_What is needed_
The required output is every line from the one containing "TRC Surge Guard 095215508 Adapter view 2" through the last line of the listing below, copied exactly, pictures excluded.

====== Records to use ======

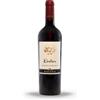 Lacontadinella VITICOLTORI POLITO EMBLEMA 750ML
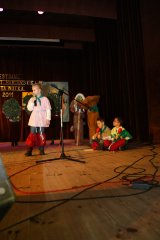 2011-11-26 Złota Nutka_79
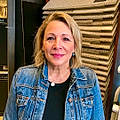 Sue D.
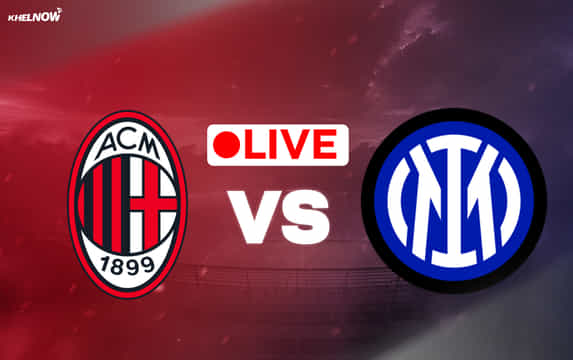 AC Milan vs Inter Milan LIVE streaming, TV channel, kick-off time & where to watch pre-season friendly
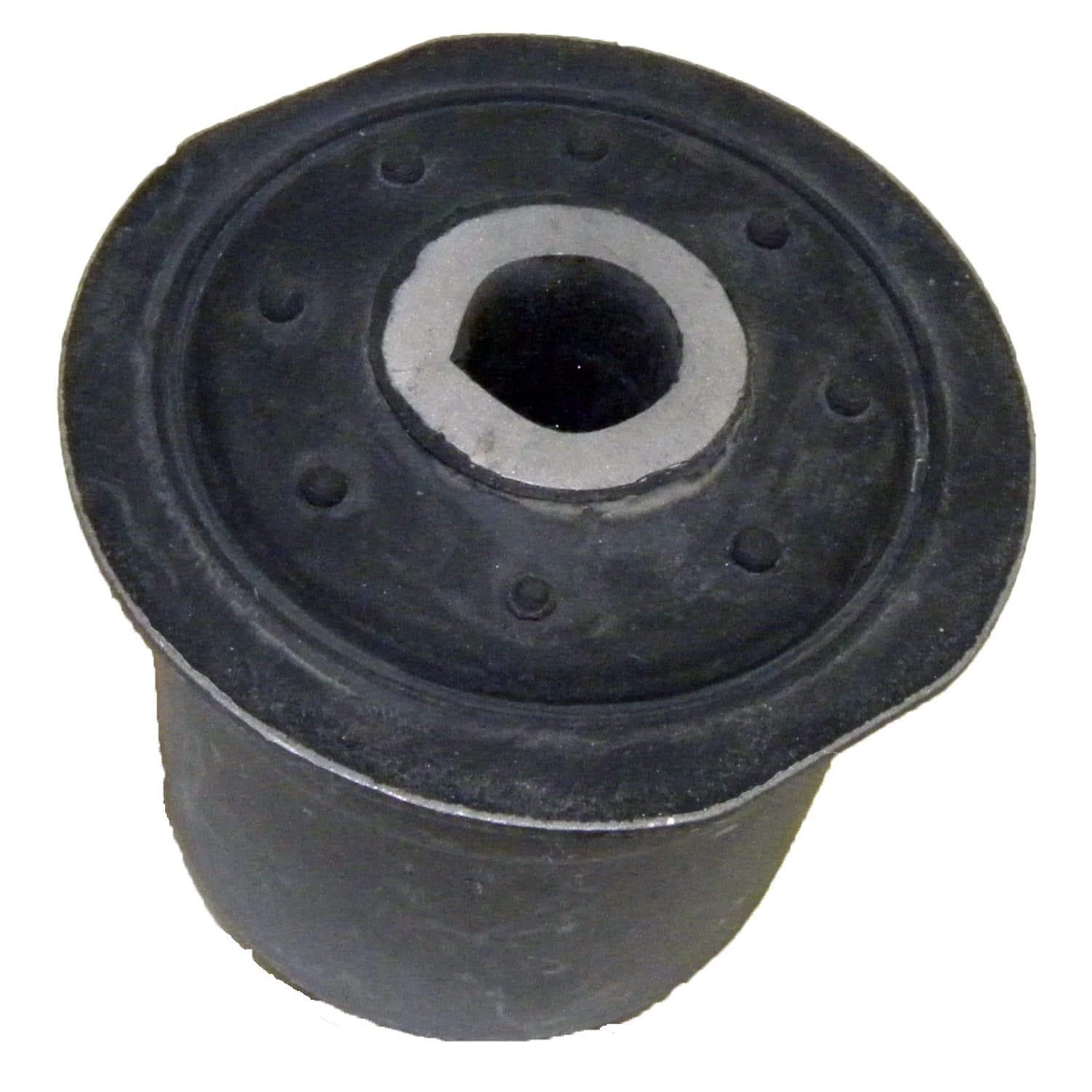 Crown Automotive Jeep Replacement Crown Automotive Control Arm Bushing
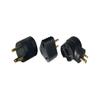 TRC Surge Guard 095215508 Adapter view 2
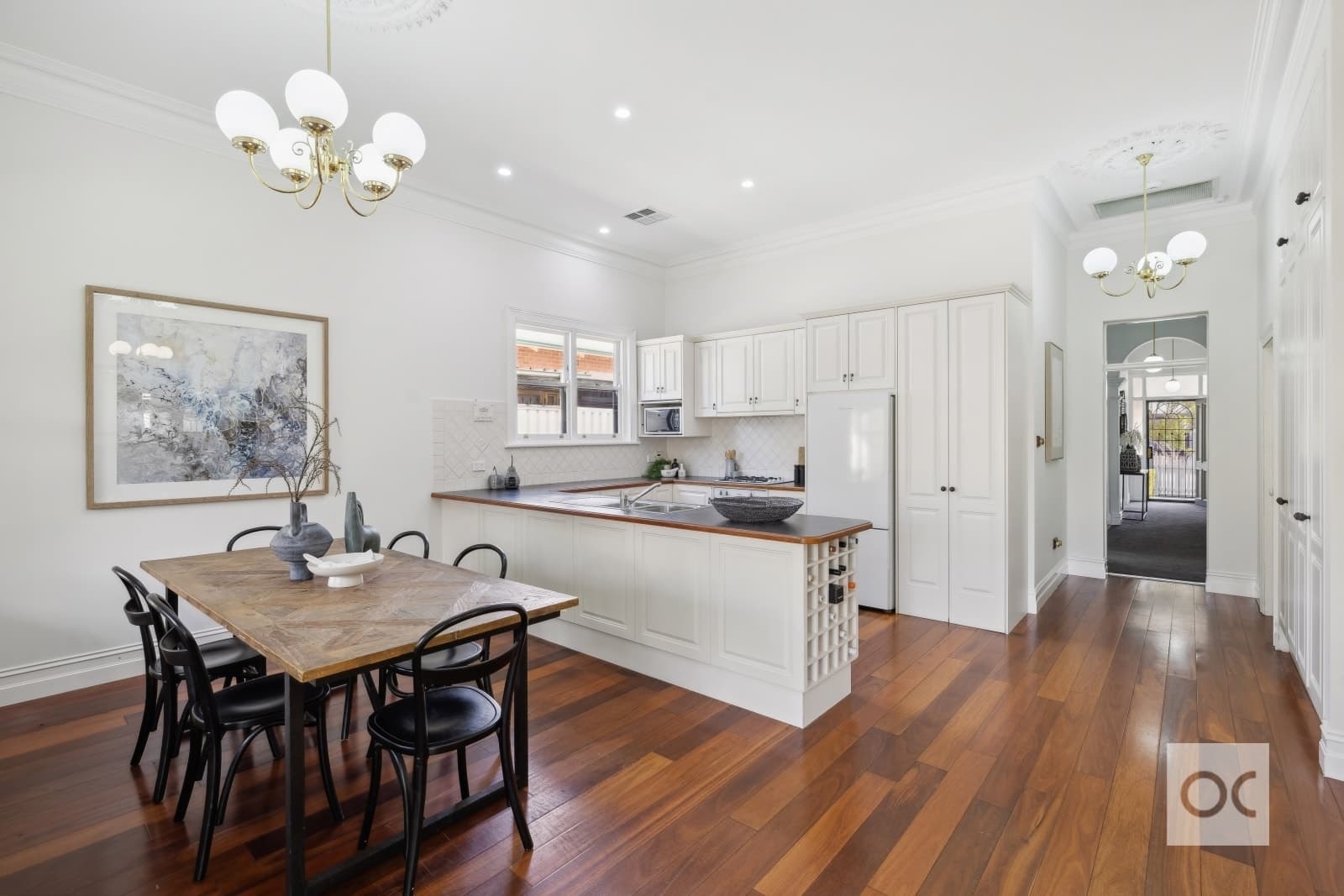 34 Albemarle Street, West Hindmarsh - Thumbnail 7
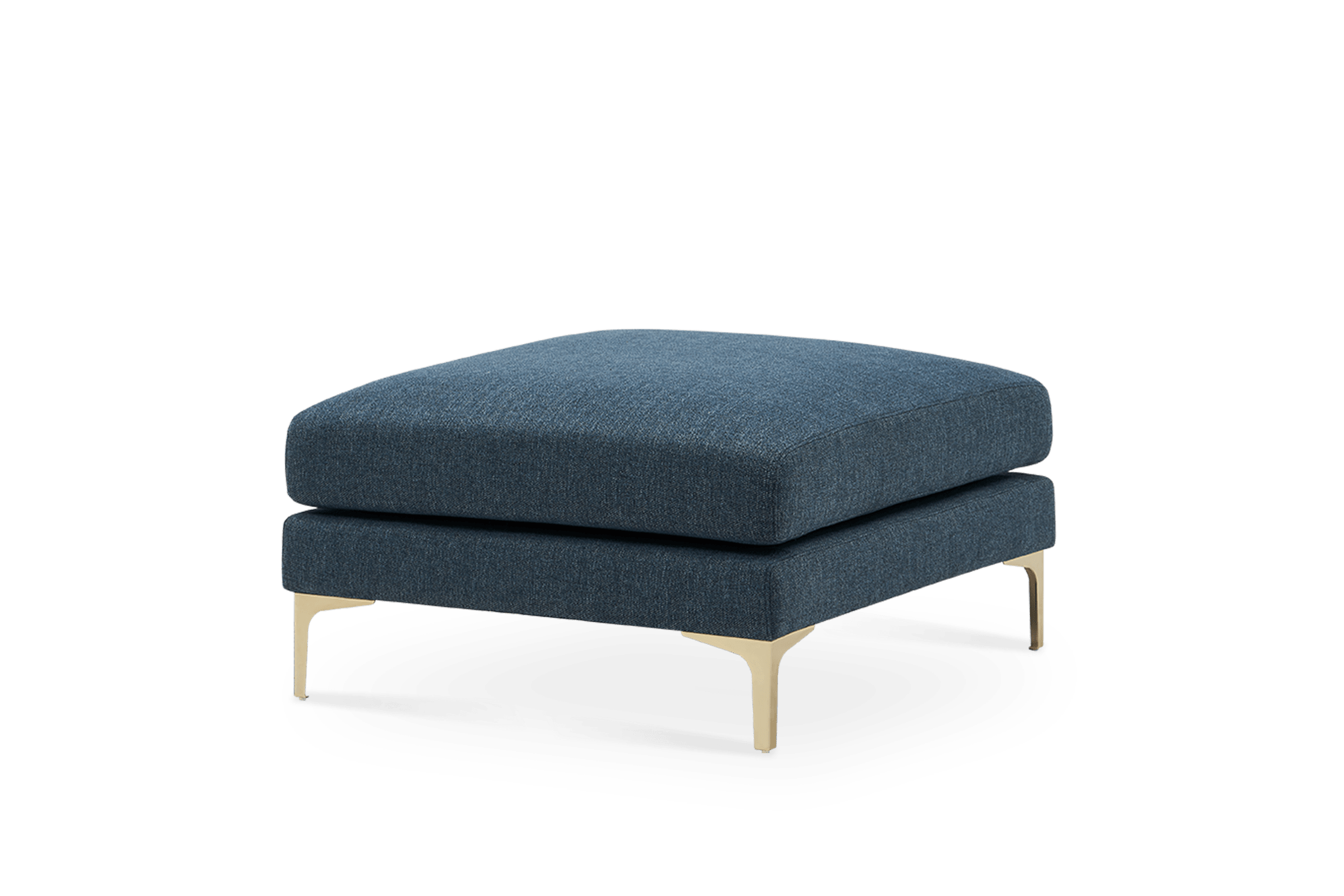 Adams Ottoman 6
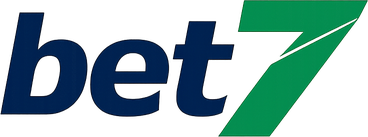 bet 7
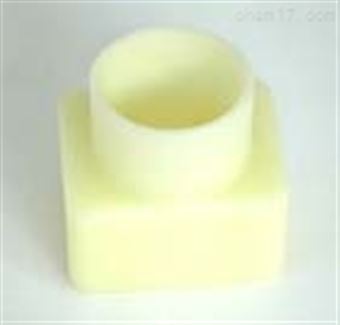 250mL���������Ļ������� ��Ů��Ƶ�ѿ�ȫ��¶��Ƶ���Ļ����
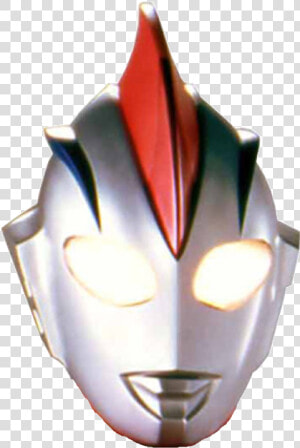 Icon nice   Ultraman Nice  HD Png Download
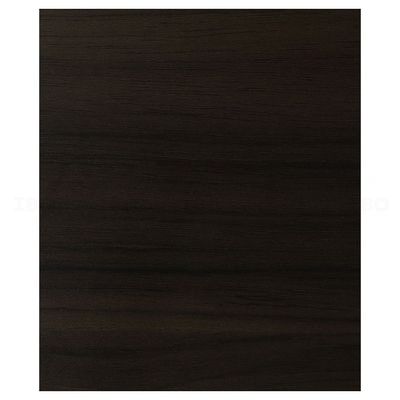 Sonova 609 Green Wood SF 1 mm Decorative Laminates Sonova 609 Green Wood SF 1 mm Decorative Laminates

======

_Exercise result_
 TRC Surge Guard 095215508 Adapter view 2
 34 Albemarle Street, West Hindmarsh - Thumbnail 7
 Adams Ottoman 6
 bet 7
 250mL���������Ļ������� ��Ů��Ƶ�ѿ�ȫ��¶��Ƶ���Ļ����
 Icon nice   Ultraman Nice  HD Png Download
 Sonova 609 Green Wood SF 1 mm Decorative Laminates Sonova 609 Green Wood SF 1 mm Decorative Laminates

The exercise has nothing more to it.